In the past, independent contractors were a tactical resource deployed for a project. Today, independent contractors are strategically deployed to keep pace with an ever-changing landscape that requires companies to scale up or down efficiently and tap specialized skills on demand. The work landscape is being redefined and requires a collaborative and integrative approach to sourcing and managing talent.
Traditionally, talent acquisition is a subset of human resources, while procurement manages the hiring of outsourced vendors, including independent contractors. Sourcing and engaging independent contractors, however, happens largely outside of both traditional HR and procurement functions. Individual project managers often engage solo workers and then turn to purchasing or accounting to get them paid. This fragmented approach to independent contractor engagement fails to consider both the opportunities of this talent segment as well as the potential compliance risks.
A collaborative approach to independent contractor engagement ensures that this talent source is not only compliantly engaged, but optimized. The combined functions of HR and Procurement enable organizations to create a robust independent contractor program with uniform policies that mitigate risks (such as 1099 misclassification) while also extending best-in-class practices to include an extended workforce.
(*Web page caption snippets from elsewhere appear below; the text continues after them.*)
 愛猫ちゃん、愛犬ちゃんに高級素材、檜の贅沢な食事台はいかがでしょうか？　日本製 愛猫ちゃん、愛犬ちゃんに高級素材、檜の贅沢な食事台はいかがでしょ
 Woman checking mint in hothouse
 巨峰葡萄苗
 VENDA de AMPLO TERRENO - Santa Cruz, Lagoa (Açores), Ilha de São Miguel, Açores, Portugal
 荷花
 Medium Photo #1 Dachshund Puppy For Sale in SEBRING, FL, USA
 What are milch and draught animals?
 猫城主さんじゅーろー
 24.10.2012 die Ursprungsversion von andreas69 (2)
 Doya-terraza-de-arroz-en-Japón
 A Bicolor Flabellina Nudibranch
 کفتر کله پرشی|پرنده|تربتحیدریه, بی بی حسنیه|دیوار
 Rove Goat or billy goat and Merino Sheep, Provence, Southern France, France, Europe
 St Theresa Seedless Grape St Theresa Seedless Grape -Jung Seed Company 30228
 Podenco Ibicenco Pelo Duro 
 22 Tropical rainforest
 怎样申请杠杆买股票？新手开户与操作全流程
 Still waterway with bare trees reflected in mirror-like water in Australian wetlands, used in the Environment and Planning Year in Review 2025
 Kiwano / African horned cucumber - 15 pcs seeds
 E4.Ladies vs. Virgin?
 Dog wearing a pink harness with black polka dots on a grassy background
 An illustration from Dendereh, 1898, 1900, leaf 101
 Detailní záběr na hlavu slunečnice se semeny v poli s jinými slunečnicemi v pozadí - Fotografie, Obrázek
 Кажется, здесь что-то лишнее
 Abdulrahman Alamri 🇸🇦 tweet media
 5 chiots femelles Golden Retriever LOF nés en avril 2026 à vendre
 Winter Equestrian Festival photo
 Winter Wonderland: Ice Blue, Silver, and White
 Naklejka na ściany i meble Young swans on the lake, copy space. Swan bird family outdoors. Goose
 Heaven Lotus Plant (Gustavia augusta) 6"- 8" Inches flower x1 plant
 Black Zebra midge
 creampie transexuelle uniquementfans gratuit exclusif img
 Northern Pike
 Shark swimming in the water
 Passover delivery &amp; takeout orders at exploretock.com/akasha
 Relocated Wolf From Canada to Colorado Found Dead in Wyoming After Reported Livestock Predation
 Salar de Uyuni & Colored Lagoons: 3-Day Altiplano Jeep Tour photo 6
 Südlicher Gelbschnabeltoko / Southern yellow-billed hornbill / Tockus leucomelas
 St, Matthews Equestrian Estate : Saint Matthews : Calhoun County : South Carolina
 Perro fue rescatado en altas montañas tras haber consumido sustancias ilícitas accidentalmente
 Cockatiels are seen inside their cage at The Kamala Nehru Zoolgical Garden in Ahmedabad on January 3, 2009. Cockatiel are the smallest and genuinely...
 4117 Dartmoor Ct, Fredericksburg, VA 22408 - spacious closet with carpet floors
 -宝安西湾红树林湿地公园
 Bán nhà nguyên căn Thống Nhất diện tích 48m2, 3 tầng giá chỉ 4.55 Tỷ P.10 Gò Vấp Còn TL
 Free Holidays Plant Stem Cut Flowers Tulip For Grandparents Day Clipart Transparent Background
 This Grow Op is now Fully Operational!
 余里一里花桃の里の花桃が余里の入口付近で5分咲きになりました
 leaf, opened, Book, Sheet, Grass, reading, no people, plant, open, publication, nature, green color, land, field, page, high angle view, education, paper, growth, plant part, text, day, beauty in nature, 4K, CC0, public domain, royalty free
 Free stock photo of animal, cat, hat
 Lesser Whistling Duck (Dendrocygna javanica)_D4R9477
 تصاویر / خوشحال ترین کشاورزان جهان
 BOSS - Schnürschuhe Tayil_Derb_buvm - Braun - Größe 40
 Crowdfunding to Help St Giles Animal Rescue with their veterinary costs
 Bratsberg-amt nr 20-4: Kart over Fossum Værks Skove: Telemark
Procurement functions best when they focus on their strength: enabling their business customer to obtain services safely at a competitive rate. HR on the other hand, is focused on optimizing the talent an organization has access to and assuring they are engaged and productive. In the case of IC programs, procurement can find and install the solution, while HR owns the program and oversees operation. Together, the organization can be assured this new talent pool is integrated into the overall talent management strategy.
A transparent program that integrates the vital functions of HR and procurement allows companies to maintain control of the category spend should also have checks and balances built into a systematic engagement program. In this way, companies not only achieve uniformity, but achieve opportunities afforded by the contract workforce. Companies can extend their talent bench by identifying the best independent contractors and providing a steady pipeline of work and visibility for future assignments.
Independent contractors can also be a source of knowledge into organizational best practices - as well as gaps. Unlike employees, independent contractors may interact across departments and have insight into how processes can be streamlined or improved. HR has the knowledge and technology to uniformly assess independent contractor performance as well as gather feedback.
The future of work will see a continued shift in the paradigm of work. More workers will move between traditional and independent work and companies will continue to use independent workers in project-based and knowledge work positions. It will be essential to have talent strategies that include engaging and managing independent contractors. Maximizing this opportunity will require systematic coordination and collaboration between HR and Procurement.